And he did. He joined the 161st Battalion at the age of 18-years on February 8, 1916, at Clinton, Ontario. He came home and surprised me with the fact that Mother had signed his consent form so he could join at that age. Not to be out done by him I took the opportunity to enlist with the 161st on February 29, 1916. Being the leap year that date compensated for the fact I joined 21-days after my brother Hugh. I used to tease him that I joined on a day that only occurred once every 4-years. He would counter that his regimental number was lower than mine (654440 vs. 654530).

After we joined, we were put in the same Company, and we adapted to military life quickly. Drawing our uniforms, we chomped at the bit to be issued rifles and be given tactical drilling as opposed to the parade bashing, we would do as we marched about learning commands like “RIGHT WHEEL” and “BY THE LEFT MARCH IN COLUMN OF TWOS!” We love the camaraderie of joining with the other boys from Clinton and we were able to adapt to the close quarters of being with men as we had crewed a schooner that traversed the waters of Lake Huron looking for fish for weeks at a time. Hugh and I were connected by being brothers but also shipmates and we had learned to rely on each other during the trying times onboard our schooner when we ran into trouble with gear or foul weather.

There was a comfort to know your brother was beside you and we would often step outside before lights out and share a smoke looking at the stars and talk about the things, we, and only we shared.

Hugh was restless in camp. He wanted to get overseas, and he was missing our mom and dad, so he took a little trip for 4-days in June 1916 and then repeated his transgression again being absent for 2-days in July. That time they docked his pay, but he told me it was worth it.

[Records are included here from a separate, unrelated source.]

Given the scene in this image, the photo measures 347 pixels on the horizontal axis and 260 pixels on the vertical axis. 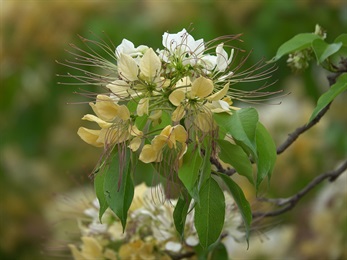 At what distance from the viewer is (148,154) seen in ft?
3.53

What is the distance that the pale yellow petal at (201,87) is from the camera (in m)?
1.05

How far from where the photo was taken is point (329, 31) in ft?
8.61

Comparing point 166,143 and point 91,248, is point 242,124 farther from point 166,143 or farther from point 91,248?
point 91,248

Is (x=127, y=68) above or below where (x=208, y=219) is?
above

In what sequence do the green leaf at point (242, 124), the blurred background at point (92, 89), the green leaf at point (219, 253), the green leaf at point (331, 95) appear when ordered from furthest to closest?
the blurred background at point (92, 89), the green leaf at point (219, 253), the green leaf at point (331, 95), the green leaf at point (242, 124)

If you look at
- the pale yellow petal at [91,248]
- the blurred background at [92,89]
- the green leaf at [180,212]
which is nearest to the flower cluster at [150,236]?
the pale yellow petal at [91,248]

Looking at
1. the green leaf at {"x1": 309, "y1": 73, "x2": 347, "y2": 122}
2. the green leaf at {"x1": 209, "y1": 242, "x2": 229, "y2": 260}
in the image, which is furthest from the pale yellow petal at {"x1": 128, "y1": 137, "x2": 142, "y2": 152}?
the green leaf at {"x1": 209, "y1": 242, "x2": 229, "y2": 260}

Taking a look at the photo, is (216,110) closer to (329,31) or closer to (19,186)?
(329,31)

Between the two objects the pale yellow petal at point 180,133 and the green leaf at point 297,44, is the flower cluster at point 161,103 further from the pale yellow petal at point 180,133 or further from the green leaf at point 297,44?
the green leaf at point 297,44

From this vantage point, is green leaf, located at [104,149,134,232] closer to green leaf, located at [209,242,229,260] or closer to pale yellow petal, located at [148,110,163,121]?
pale yellow petal, located at [148,110,163,121]

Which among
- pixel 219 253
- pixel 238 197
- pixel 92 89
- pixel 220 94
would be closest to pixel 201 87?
pixel 220 94

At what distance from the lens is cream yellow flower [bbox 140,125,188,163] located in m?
1.05

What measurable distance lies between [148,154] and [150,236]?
0.35 metres

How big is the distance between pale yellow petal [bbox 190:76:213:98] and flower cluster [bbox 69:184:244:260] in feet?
1.06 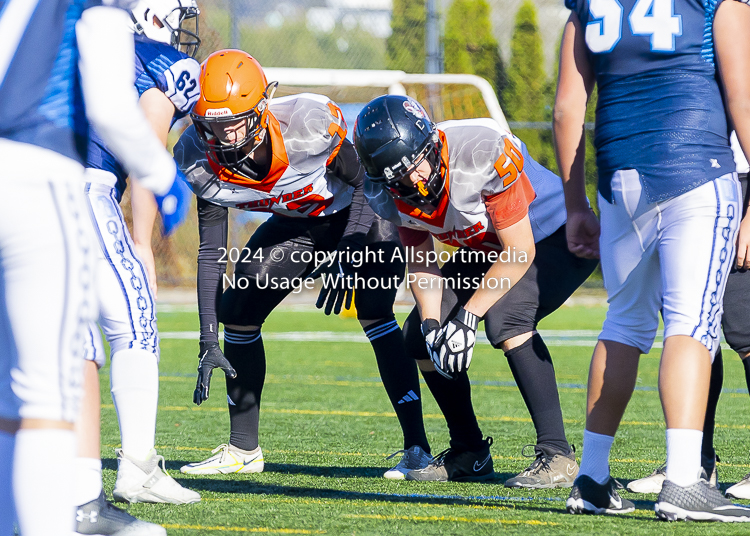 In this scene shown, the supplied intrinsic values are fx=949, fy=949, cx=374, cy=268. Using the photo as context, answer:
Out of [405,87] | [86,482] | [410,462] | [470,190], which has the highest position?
[405,87]

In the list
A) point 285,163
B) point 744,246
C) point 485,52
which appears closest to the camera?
point 744,246

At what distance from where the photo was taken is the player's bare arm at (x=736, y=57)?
8.55 feet

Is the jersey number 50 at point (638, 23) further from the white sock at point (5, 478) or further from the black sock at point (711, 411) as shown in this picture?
the white sock at point (5, 478)

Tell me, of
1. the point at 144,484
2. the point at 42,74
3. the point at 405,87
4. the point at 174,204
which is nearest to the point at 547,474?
the point at 144,484

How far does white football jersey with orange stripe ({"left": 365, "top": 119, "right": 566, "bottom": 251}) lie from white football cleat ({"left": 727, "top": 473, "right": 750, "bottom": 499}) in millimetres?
1161

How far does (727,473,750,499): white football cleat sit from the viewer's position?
3172mm

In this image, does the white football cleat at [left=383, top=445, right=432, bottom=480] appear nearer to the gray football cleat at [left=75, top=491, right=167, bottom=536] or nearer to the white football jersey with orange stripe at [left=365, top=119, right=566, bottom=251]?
the white football jersey with orange stripe at [left=365, top=119, right=566, bottom=251]

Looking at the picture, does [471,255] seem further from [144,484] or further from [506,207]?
[144,484]

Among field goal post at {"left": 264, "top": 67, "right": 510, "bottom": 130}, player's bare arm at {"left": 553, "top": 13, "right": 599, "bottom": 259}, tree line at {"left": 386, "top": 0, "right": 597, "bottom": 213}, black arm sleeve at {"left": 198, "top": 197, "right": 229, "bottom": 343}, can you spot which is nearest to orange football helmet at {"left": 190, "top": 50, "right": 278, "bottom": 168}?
black arm sleeve at {"left": 198, "top": 197, "right": 229, "bottom": 343}

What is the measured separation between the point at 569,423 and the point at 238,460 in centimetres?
188

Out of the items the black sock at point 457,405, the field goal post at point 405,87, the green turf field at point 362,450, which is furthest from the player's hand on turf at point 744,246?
the field goal post at point 405,87

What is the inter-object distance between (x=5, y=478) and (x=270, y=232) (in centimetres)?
229

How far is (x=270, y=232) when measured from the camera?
417 cm

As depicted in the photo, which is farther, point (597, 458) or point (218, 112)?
point (218, 112) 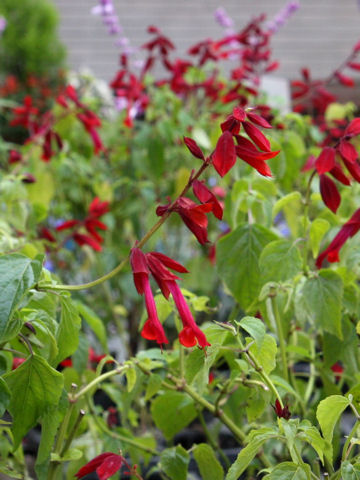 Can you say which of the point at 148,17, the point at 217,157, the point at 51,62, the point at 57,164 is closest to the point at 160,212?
the point at 217,157

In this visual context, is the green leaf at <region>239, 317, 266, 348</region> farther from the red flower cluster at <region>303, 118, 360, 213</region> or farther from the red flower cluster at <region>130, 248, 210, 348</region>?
the red flower cluster at <region>303, 118, 360, 213</region>

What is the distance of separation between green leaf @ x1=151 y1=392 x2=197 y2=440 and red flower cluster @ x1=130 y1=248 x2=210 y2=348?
0.31 metres

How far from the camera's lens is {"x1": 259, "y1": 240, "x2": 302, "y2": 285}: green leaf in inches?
29.5

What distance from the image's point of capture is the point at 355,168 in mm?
664

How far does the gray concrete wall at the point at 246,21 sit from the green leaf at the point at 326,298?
637cm

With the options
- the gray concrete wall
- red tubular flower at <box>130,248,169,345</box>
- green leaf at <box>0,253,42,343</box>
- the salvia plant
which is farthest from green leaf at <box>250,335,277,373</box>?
the gray concrete wall

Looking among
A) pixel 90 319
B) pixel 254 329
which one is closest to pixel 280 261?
pixel 254 329

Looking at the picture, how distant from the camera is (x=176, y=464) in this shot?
776 mm

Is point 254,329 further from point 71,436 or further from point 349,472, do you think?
point 71,436

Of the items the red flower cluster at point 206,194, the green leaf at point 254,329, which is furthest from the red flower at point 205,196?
the green leaf at point 254,329

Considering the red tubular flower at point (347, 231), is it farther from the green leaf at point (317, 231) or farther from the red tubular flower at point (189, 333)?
the red tubular flower at point (189, 333)

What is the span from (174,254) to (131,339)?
29 cm

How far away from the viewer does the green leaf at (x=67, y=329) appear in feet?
2.11

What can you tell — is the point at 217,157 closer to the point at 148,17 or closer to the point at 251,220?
the point at 251,220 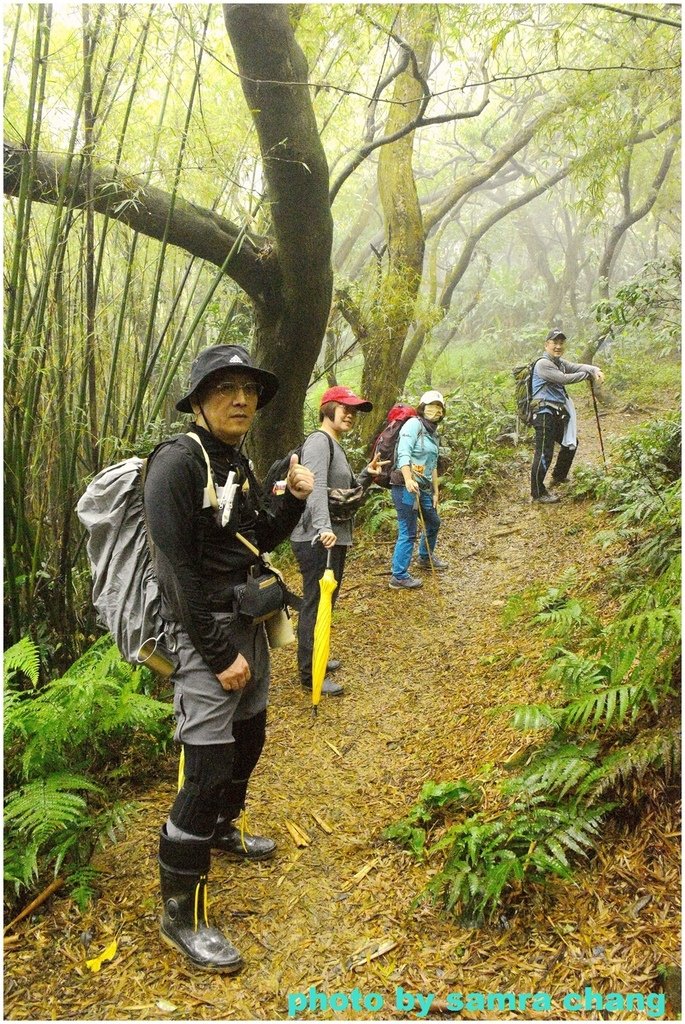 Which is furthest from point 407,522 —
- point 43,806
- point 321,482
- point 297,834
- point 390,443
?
point 43,806

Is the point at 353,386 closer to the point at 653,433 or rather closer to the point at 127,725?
the point at 653,433

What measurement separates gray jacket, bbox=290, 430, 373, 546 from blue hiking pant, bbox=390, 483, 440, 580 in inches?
59.9

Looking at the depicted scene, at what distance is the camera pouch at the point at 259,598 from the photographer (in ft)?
8.74

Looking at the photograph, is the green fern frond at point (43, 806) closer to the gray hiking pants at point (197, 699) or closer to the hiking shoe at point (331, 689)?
the gray hiking pants at point (197, 699)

My record was clean through March, April, May, June. But in July I was Absent Without Leave for 3-days starting July 1, 1916, Dominion Day. For some reason the Colonel took pity on me and I did not lose any pay, but when Hugh went AWL on 3-days after I got back, the Colonel, as noted, docked him his pay to the amount of $2.00. Hugh felt a bit put out by that and vowed he would not go AWL again but as we got close to embarking for England, we both went AWL for 3-days on October 10, 1916, and went home and visited our parents. We had a feast though we missed Thanksgiving by one day. Mom laid on the leftovers for us and we enjoyed her peach preserves with a gusto that we could never show for army food the entire time we served.

Hugh was reflective during that time and wondered out loud as we lay in our beds in our room at our home what was in store for us. I shared with him my hope that when the war ended, we would crew our own schooner and fish together and grow old and wizened, but never wise before our end came from natural causes in our sleep, preferably dying on the same day to save both of us from being unduly melancholy and sad by the other brother’s demise.

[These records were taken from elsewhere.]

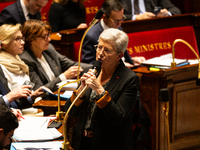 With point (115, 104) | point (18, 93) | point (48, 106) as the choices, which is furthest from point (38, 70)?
point (115, 104)

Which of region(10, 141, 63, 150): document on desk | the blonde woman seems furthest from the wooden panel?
the blonde woman

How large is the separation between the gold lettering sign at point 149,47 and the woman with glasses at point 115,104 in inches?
87.8

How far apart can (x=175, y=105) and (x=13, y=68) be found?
5.45ft

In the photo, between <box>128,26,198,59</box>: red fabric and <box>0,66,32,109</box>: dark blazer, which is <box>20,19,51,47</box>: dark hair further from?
<box>128,26,198,59</box>: red fabric

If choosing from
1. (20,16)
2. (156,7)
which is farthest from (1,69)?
(156,7)

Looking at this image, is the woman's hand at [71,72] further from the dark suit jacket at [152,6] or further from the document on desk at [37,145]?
the dark suit jacket at [152,6]

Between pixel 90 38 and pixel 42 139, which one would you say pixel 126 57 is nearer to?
pixel 90 38

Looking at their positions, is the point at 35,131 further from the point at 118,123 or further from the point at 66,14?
the point at 66,14

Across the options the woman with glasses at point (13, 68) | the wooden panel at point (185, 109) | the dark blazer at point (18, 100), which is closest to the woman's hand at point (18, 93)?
the woman with glasses at point (13, 68)

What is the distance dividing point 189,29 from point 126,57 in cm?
159

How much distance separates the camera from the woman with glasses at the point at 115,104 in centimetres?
220

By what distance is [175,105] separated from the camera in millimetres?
3309

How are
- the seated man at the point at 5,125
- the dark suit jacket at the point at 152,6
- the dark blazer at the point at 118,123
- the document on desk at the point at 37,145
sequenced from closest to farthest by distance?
the seated man at the point at 5,125 < the document on desk at the point at 37,145 < the dark blazer at the point at 118,123 < the dark suit jacket at the point at 152,6

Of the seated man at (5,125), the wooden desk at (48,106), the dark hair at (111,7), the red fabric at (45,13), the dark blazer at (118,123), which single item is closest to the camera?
the seated man at (5,125) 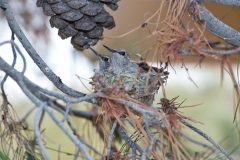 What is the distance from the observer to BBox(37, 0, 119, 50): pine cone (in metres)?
0.83

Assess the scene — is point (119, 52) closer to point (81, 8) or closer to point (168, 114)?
point (81, 8)

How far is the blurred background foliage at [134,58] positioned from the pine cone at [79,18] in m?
0.09

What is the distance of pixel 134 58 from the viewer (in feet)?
4.51

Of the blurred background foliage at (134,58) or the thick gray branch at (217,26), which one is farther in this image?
the blurred background foliage at (134,58)

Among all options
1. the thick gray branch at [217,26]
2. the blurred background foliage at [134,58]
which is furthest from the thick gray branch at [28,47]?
the thick gray branch at [217,26]

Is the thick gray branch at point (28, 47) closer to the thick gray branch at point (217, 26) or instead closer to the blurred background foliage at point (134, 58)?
the blurred background foliage at point (134, 58)

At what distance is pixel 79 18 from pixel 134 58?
0.56 meters

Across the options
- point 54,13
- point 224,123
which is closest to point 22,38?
point 54,13

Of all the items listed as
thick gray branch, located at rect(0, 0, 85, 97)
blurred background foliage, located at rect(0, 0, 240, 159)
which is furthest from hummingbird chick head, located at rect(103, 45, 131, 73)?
thick gray branch, located at rect(0, 0, 85, 97)

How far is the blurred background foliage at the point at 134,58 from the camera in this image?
48.3 inches

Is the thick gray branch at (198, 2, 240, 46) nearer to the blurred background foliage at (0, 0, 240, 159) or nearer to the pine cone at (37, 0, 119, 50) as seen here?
the blurred background foliage at (0, 0, 240, 159)

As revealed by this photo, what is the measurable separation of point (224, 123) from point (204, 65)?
0.47m

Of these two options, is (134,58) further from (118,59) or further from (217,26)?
(217,26)

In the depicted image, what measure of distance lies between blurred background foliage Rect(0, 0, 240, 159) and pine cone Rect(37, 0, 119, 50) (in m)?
0.09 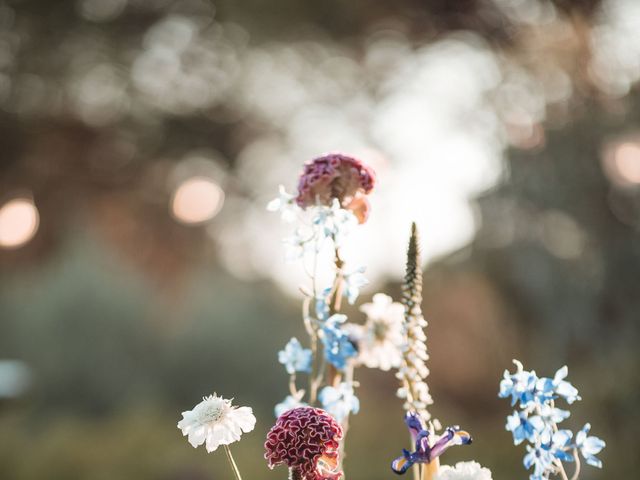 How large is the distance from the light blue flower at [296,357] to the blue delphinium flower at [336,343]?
0.13ft

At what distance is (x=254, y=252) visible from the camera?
15.4 feet

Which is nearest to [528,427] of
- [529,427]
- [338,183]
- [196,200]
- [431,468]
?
[529,427]

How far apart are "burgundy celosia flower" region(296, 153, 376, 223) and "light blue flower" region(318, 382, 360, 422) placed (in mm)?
187

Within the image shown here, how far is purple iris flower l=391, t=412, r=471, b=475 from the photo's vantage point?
0.65 m

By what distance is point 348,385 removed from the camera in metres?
0.84

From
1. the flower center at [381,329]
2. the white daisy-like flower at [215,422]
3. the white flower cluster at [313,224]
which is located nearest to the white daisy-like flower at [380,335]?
the flower center at [381,329]

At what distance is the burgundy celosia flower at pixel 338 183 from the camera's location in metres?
0.81

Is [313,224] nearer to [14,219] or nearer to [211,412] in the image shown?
[211,412]

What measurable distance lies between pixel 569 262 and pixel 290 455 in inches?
130

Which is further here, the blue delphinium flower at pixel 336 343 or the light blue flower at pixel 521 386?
the blue delphinium flower at pixel 336 343

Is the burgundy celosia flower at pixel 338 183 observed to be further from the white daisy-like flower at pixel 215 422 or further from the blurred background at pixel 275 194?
the blurred background at pixel 275 194

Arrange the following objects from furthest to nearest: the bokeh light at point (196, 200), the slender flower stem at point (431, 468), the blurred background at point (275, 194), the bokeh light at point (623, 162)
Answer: the bokeh light at point (196, 200), the blurred background at point (275, 194), the bokeh light at point (623, 162), the slender flower stem at point (431, 468)

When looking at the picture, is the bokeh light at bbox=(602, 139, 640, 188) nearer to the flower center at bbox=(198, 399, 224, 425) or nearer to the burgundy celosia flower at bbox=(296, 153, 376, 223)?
the burgundy celosia flower at bbox=(296, 153, 376, 223)

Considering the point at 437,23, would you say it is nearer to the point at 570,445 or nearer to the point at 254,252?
the point at 254,252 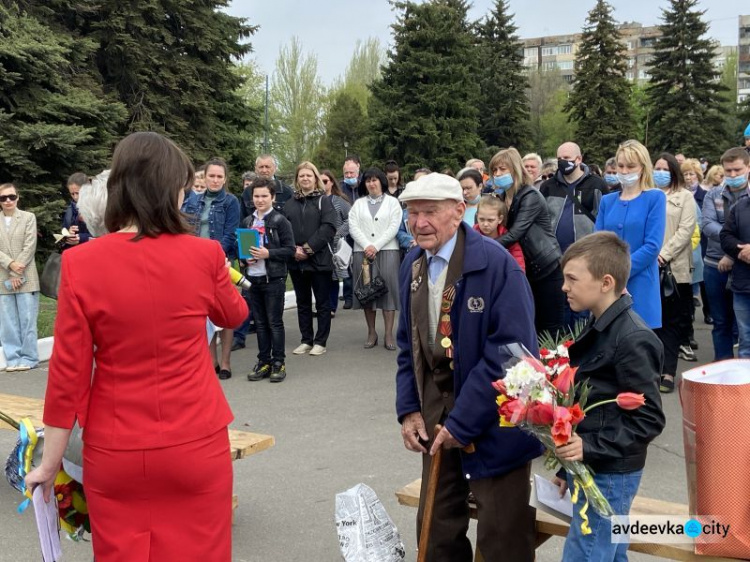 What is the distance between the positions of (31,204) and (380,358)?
9.28 meters

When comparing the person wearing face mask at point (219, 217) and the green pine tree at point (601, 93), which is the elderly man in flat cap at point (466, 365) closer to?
the person wearing face mask at point (219, 217)

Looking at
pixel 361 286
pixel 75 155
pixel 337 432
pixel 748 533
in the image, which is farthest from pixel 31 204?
pixel 748 533

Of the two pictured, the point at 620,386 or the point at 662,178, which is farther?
the point at 662,178

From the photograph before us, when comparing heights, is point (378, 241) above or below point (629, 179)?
below

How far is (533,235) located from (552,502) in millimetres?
3687

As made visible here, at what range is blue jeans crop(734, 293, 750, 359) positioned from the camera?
7535 millimetres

When we left home to return to our battalion there was that hint of cold as Autumn was about to set in. I imagined the harbour with the boats pushing out to fish in the crisp, cold air of the morning, signaling the coming winter that would envelop Bayfield and Lake Huron in its cold, harsh grip. The air was clean, and the intake of my breath was sharp and distinct as the cold, pure air of my home nourished me as we walked to the train station to catch the train for the next stage of our military service.

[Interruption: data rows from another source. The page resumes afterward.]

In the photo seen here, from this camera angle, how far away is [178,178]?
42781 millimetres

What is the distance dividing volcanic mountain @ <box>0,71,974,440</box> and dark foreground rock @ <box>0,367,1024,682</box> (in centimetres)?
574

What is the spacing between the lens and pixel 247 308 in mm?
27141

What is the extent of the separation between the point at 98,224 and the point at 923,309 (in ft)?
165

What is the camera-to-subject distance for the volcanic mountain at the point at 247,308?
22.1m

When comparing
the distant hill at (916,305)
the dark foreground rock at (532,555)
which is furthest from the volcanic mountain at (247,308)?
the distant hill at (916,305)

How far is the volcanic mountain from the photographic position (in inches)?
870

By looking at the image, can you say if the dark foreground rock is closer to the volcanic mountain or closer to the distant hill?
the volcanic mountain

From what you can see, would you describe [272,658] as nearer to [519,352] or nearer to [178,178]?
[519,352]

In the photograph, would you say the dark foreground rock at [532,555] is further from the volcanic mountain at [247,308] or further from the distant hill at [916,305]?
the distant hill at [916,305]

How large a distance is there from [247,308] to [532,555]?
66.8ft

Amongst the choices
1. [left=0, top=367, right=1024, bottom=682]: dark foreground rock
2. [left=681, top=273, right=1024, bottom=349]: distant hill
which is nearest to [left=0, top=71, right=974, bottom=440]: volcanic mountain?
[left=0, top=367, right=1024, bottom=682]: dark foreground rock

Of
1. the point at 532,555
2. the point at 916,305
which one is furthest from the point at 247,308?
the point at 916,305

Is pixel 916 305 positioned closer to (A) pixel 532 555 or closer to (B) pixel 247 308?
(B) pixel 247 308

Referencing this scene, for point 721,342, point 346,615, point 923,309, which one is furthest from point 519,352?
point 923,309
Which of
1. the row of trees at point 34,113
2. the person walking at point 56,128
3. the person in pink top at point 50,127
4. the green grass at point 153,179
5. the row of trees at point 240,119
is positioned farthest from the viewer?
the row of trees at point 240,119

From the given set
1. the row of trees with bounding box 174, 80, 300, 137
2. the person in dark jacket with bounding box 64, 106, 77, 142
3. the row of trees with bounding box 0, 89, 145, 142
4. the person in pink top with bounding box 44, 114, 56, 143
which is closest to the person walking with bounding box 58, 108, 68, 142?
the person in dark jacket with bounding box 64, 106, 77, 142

Our Battalion mounted a train and arrived in Halifax on November 1, 1916. Only 20-days had past and our future and prospects were radically changing. Some of the bombastic comments made on the train by some of our comrades were now muted as we approached the dark side of the hull of the ship that would take us one step closer to combat, and possibly death. No one thought they would be the victim of a shell, or bullet, or some other ghastly way to die. Hugh was constantly the optimist and we hoped that the 161st would distinguish itself along with such storied regiments as the RCR, PPCLI, Blackwatch, and others. The boys from Huron would prevail, and the Toms would be in the forefront! Or so my brother would say.

Being older, I was tempered in my thoughts of glory. Many lads from home were returned wounded. Some quite stark in the horribleness of their physical scars and mutations of their bodies. But this, and the death of friends and acquaintances, seemed so distant. So far from us for many of our chums, that the possibility of death was remote. So remote that it happened to the other. The other man. The other family. The other battalion. We acknowledge we were not invincible, but we did not believe we were not so.

We arrived in England on November 11, 1916. November 11. That day two years hence that would be many a man’s salvation.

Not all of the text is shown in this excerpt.